The film opens on an airplane where passengers slowly realize that they all know one seemingly deranged individual who affected all their lives in some fashion, and that he may have been directly responsible for getting them on that plane. This hilarious first segment, which ends at just the right moment, is the perfect introduction to this eclectic movie. From there, plotting to put poison in a mobster’s food, road rage mixed with tire trouble, an attempted cover-up of a deadly DUI, a fervent dislike for the Argentinean DMV, and a wedding gone horribly wrong serve as the introductory elements for each of the successive segments.
It is near impossible to classify this film since it opens with a rather fatal and bleak path charted for its characters but frames it all within a comedic context.
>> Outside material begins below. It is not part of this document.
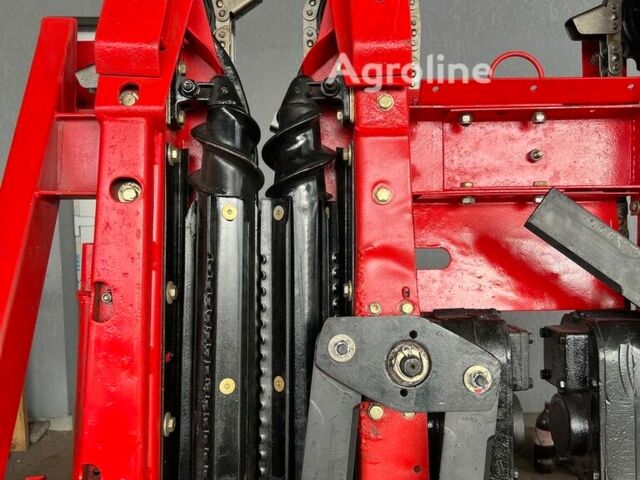 Красный Орос Другая, объемом двигателя 0 л и пробегом 0 тыс. км за 13667 $, фото 3 на Automoto.ua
The rat poison, the road rage, and the DMV all fit that bill as well, turning less dramatic situations into fodder for humor. The DUI, on the other hand, is a far more serious matter, yet writer-director Damián Szifrón manages to find funny moments and themes in that one as well. And there’s no matching the lengthiest of the sequences, the wedding, which takes its plot and works it to its fullest potential.
There is a deeper meaning behind each of the film’s acts that goes far beyond their surface levels. At a Q & A for the film’s Sundance premiere, Szifrón notes that many of the concepts featured have to do specifically with Argentinean society, namely corruption, while others, like a hatred for the DMV and government bureaucracy, may be applicable to a number of other countries as well. Szifrón matched the film’s comic tone is his responses to questions, describing how his real life was the basis for much of the film and taking credit even for some of its more outrageous and clearly fictional threads. The film’s opening credits roll over shots of wildlife whose animal instincts are meant to illustrate how human nature is often not so far off and jumping to violence or aggression is all too commonplace.
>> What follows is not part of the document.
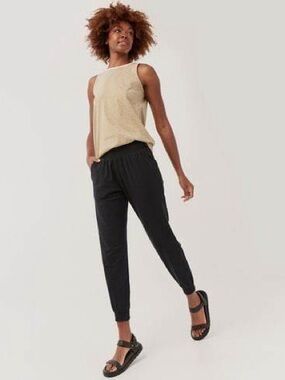 🌱 PACT 🌱 Revive Beach Jogger in Black XS.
There is a great deal of talent on display here in each of the film’s vignettes. Two recognizable Argentinean actors, who appeared together in the Oscar-winning The Secret in their Eyes, Ricardo Darin and Dario Grandinetti, help to anchor their segments and emphasize that this really is a product of its country. The rest of the cast, particularly those in the film’s closing act, are all terrific, and contribute to a film that is equal parts acting, story, and assembly. Szifrón reveals that he wrote each of the film’s parts in the order in which they appear, but it is only because they worked that way after much trial and error that they were ultimately put together in that fashion, a truly successful editing job for what is surely one of this festival’s best films this year.
This Sundance Spotlight entry has held several public screenings in Park City thus far, with two more scheduled.